If we remain idle and hope for a rebound, we would be acting irresponsibly and failing those customers we're trying to help most the injured workers and employers of Ohio.
After losses of $50 million in 2002 and $20 million in 2003, bureau officials withdrew $75 million from Allegiant in April, 2004, and another $50 million in May, 2005. By the end of this May, the investment's market value was $53.4 million.
Despite the stagnant returns and diminishing size of the investment, Allegiant did not anticipate being fired.
"We had no forewarning before this afternoon," John Abunassar, Allegiant's executive vice president of institutional asset management, said yesterday.
The Allegiant fund was a large cap growth stock portfolio, meaning that the bureau was investing in companies with a market capitalization greater than $10 billion and high profit expectations.
The stocks in a portfolio like that are a Cisco, or a Pfizer, Mr. Abunassar said. A person could look over a list of them and recognize each one. They were all household names.
Large cap growth stocks with a long-term outlook are a common strategy for Allegiant's clients.
Most clients that we work with look in the area of a five-year time horizon, he said.
Mr. Abunassar emphasized that Allegiant kept the bureau updated with monthly reports containing details on each holding.
We maintained total transparency and integrity with how we managed their assets and the specific securities within the portfolio, he said.

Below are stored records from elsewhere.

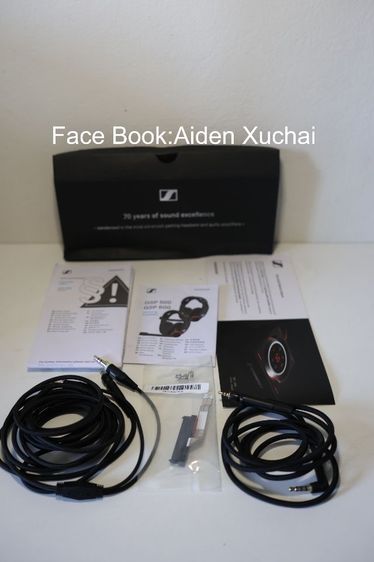 ชุดหูฟังสำหรับเล่นเกม gaming headsets รูปที่ 5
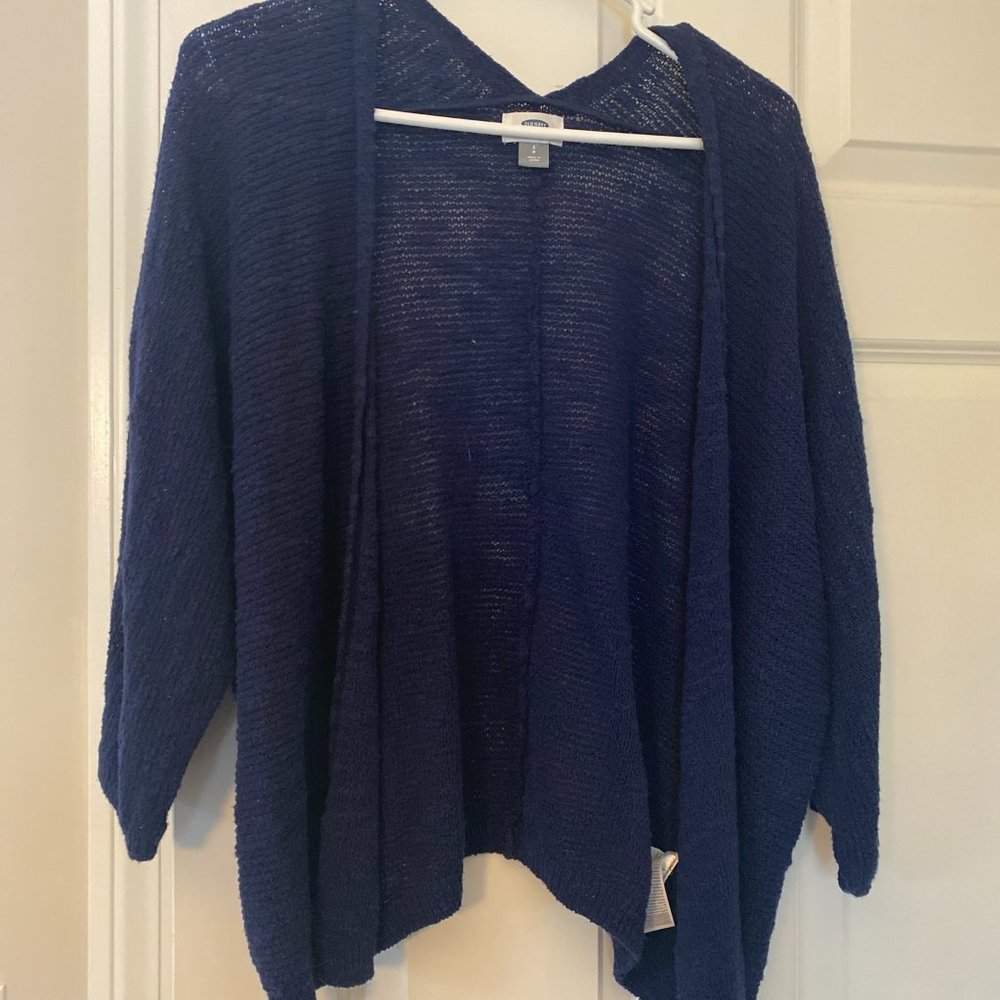 Old Navy Knit Cardigan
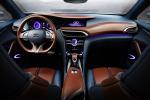 Infiniti QX30 Concept 2015 года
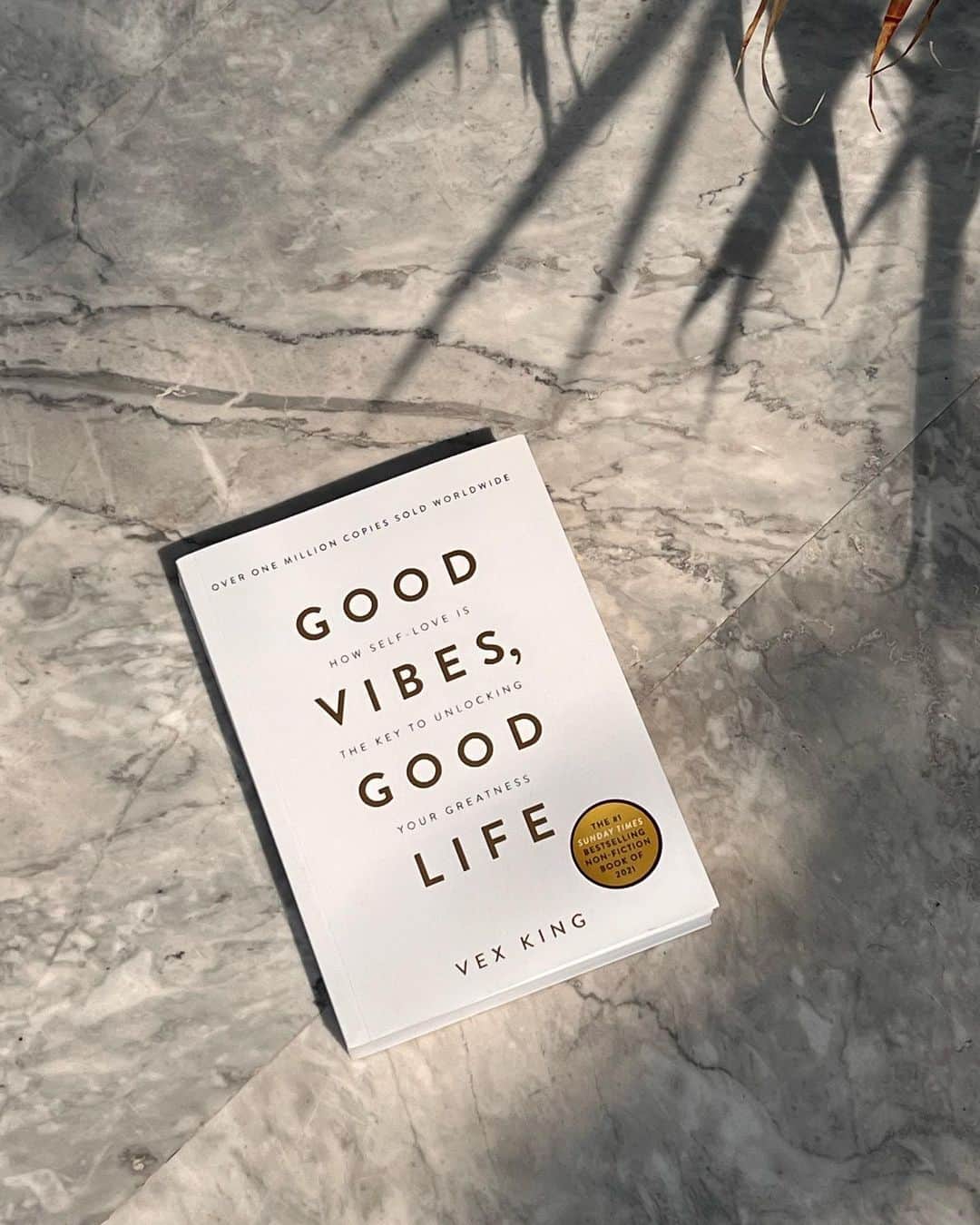 キンバリー・アン・ウォーテマス・ティアムシリのインスタグラム：「What Kimmy’s reading 📖🤍   พลัง Positive & self-love ที่เริ่มได้จากตัวเอง อ่านง่ายและรู้สึกดีมากกกๆขอบคุณเพื่อนที่แนะนำน๊า @opallis มีแบบแปลไทยด้วยนะคะ ลองไปหากันดูนะคะ✨」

Allegiant, which was known as National City Investment Management Co. until last month, controls $27.4 billion in assets.
Bureau spokesman Jeremy Jackson declined to say if the bureau would have fired Allegiant had it not been for revelations about the rare-coin investment and MDL.
That's a question that is somewhat speculative, he said.
While the bureau blames the fund's losses on poor decisions, Mr. Jackson said he was unaware of the investment's strategy or the individual stocks acquired and sold by Allegiant. He emphasized that fund's losses have already been calculated into previous financial statements, meaning no new subtractions will need to be made from the bureau's $14.3 billion bottom line.
Mr. Hayes, who is overseeing the review of the bureau's portfolio, said each fund is being analyzed, and decisions are being made about which fund managers will be terminated. Last week, the bureau announced it was investigating its relationship with Brantley Partners, a money manager facing an informal probe by the U.S. Securities and Exchange Commission.
You ll see things coming out on a regular basis now, he said.